EXERCISE OBJECTIVE →
Transcribe exactly the entries from the "continuous line of women jogging" line to the end, both included, minus pictures.

*** DATA LISTING Section Begins ***

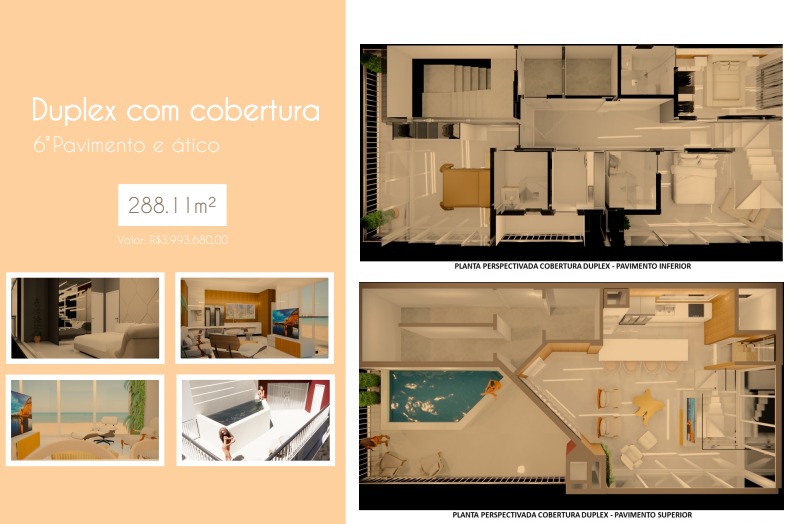 Apartamento 3 Suites, Duplex com Piscina a venda em Caioba, Matinhos - PR, Valor de Venda R$ 3.993.680,00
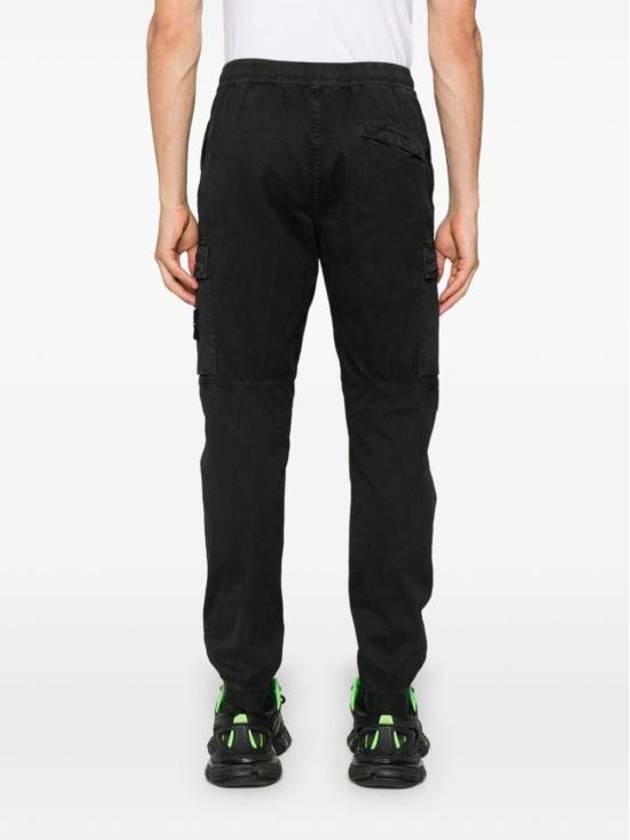 Stretch Cotton Cargo Straight Pants Black - STONE ISLAND - BALAAN 6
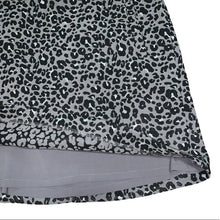 Load image into Gallery viewer, Size 4 Petite Loft Gray &amp; Black Leopard Mini Skirt
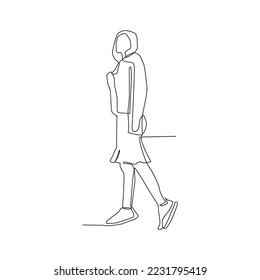 continuous line of women jogging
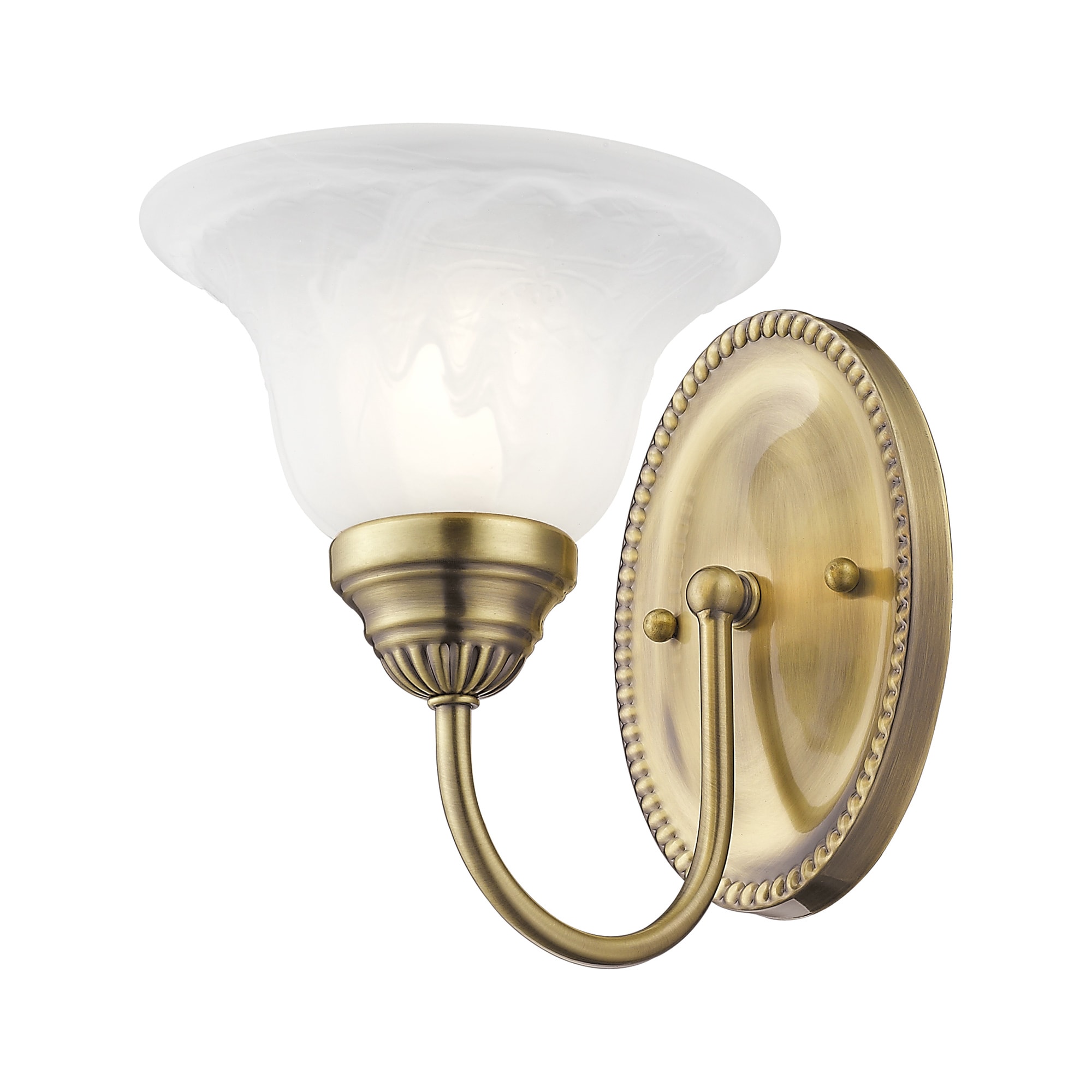 Edgemont Antique Brass 1-Light Vanity with White Alabaster Glass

*** DATA LISTING Section Ends ***

REPLY →
 continuous line of women jogging
 Edgemont Antique Brass 1-Light Vanity with White Alabaster Glass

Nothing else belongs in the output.